MADISON, Wis. - Some 23 million metric tons of sodium-chloride-based deicer is applied to North America's roads each year. Researchers say all of that salt then ends up rivers and lakes, and Wisconsin is seeing a growing problem with that.
Studies show Lake Mendota has about 25 times the amount of chloride it had before we started putting salt down around 80 years ago. Researchers have been monitoring the levels since then and say if we don't do something different soon the quality of our lakes will continue to go down.
Once the lakes thaw out in the weeks ahead, researchers will be able to test the water to see exactly how much impact there is this year.
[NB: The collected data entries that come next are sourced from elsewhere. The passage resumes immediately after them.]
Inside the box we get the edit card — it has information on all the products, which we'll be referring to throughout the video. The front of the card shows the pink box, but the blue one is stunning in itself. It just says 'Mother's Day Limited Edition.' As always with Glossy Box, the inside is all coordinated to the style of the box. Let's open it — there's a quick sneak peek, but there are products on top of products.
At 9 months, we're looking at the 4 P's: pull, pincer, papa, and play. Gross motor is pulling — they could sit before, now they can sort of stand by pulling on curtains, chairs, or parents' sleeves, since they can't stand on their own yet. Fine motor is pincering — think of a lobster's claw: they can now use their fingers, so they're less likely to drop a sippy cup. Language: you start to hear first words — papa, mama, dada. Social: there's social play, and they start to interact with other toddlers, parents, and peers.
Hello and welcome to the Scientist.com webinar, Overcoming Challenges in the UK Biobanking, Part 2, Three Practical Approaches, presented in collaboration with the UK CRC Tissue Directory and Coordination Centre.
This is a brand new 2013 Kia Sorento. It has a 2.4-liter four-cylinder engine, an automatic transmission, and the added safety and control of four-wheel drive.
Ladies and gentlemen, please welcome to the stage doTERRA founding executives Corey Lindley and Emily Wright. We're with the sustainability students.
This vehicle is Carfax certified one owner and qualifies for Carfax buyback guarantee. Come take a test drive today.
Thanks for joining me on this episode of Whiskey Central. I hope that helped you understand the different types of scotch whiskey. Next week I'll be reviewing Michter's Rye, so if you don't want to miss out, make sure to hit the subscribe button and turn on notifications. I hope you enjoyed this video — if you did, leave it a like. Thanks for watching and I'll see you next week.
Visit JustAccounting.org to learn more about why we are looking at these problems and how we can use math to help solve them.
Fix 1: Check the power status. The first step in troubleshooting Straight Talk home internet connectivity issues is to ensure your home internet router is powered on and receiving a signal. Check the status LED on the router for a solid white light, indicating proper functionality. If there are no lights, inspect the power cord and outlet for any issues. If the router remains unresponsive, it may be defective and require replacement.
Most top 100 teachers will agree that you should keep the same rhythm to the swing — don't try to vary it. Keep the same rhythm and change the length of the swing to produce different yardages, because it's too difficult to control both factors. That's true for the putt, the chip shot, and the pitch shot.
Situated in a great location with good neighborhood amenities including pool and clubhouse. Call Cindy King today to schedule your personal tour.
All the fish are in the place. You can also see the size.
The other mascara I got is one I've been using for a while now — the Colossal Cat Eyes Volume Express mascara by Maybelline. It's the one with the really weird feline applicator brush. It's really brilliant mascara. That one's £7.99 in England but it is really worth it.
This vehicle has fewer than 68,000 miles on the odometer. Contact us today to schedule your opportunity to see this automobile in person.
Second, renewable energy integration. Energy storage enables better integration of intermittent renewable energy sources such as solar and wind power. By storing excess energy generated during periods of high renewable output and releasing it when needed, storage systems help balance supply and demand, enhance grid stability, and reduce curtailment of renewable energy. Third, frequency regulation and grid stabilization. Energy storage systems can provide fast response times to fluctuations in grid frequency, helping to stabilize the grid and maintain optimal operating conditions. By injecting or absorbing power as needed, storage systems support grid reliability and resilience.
It's hard for them to predict right now because we had such a quiet start to winter, but then of course we got slammed with constant snow and ice in February and early March. It was then many municipalities like Madison had no choice but to use salt when they normally don't.
UW limnologist and assistant professor Dr. Dugen says you can think of salt affecting lakes like salt affects humans; some of it is okay, but lots of it starts causing problems.
"Everything that lives in the lake is adapted to a freshwater environment, and animals just physiologically don't have the mechanisms to get rid of that salt from their bodies because they never had to deal with it in the past," Dr. Dugen explained. "The more salt we put in the lake the more we're just stressing out anything that's trying to live there."
Dr. Dugen stresses that there has to be more of an effort to reduce the salt load. She says it's not that we have to just stop using it; we just need to be smarter about where we use it and how much we put down. She says we obviously have to balance that with public safety.
Dr. Dugen says we at home all play a direct role in reducing the amount of road salt making its way into Wisconsin's lakes. More than 50-percent of the salt being put down is not by city, county or state plows but rather homeowners and businesses.
Phosphorus is still the number one polluter during the winter. Officials say farmers put manure out on frozen fields, but most of the nutrients end up washing into the rivers and lakes because of the fast winter melt. Dr. Dugen tells News 3 Now last week was a good example of that with the heavy rain and fast melt we had when anything and everything washed into area waterways.